Aside from the US data, there was a slew of M&A developments threatening to steal some of the spotlight in London. The owner of the Royal Mail backed a possible bid, while Wood Group said no to a suitor again.

The FTSE 100 index rose 17.67 points, 0.2%, at 8,445.80. It closed some 30 points off its intraday high of 8,474.41, the blue-chip index’s best-ever level.

The FTSE 250 ended up 157.11 points, 0.8%, at 20,775.63, and the AIM All-Share rose 1.88 points, 0.2%, at 791.61.

The Cboe UK 100 rose 0.1% at 843.15, the Cboe UK 250 climbed 1.1% at 18,105.05, and the Cboe Small Companies added 0.5% at 16,207.89.

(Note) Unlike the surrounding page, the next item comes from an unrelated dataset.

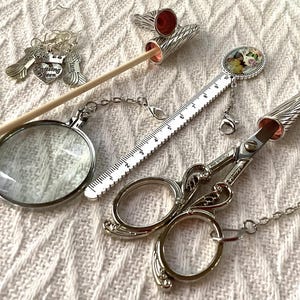 May include: A collection of silver knitting accessories, including scissors, a magnifying glass, a ruler, and stitch markers. The scissors have a decorative wing design. The stitch markers have charms that say "Knitting Queen".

In European equities on Wednesday, the CAC 40 in Paris was up 0.2%, while the DAX 40 in Frankfurt ended up 0.8%. Both achieved record closes, though unlike the DAX, the CAC did not hit a record intraday level on Wednesday.

In New York, the Dow Jones Industrial Average was up 0.7% at the time of the closing bell in Europe. The S&P 500 surged 0.9% and the Nasdaq Composite was up 1.0%. The S&P and Nasdaq traded at record highs.

According to Bureau of Labor Statistics, the year-on-year consumer price inflation rate cooled to 3.4% in April, from 3.5% in March, as expected.

On a monthly basis, consumer prices increased 0.3% in April, easing from a 0.4% rise in March from February. Prices had been expected to register another 0.4% rise last month, according to FXStreet cited consensus.

The data follows comments from Federal Reserve Chair Jerome Powell on Tuesday, who cautioned on robust inflation.

Recent hot US inflation data has lowered his level of confidence that price rises will slow back down towards the bank’s long-term target, the central banker said.

‘The first quarter in the US was notable for its lack of further progress on inflation,’ Powell commented during an event in the Netherlands that was streamed online.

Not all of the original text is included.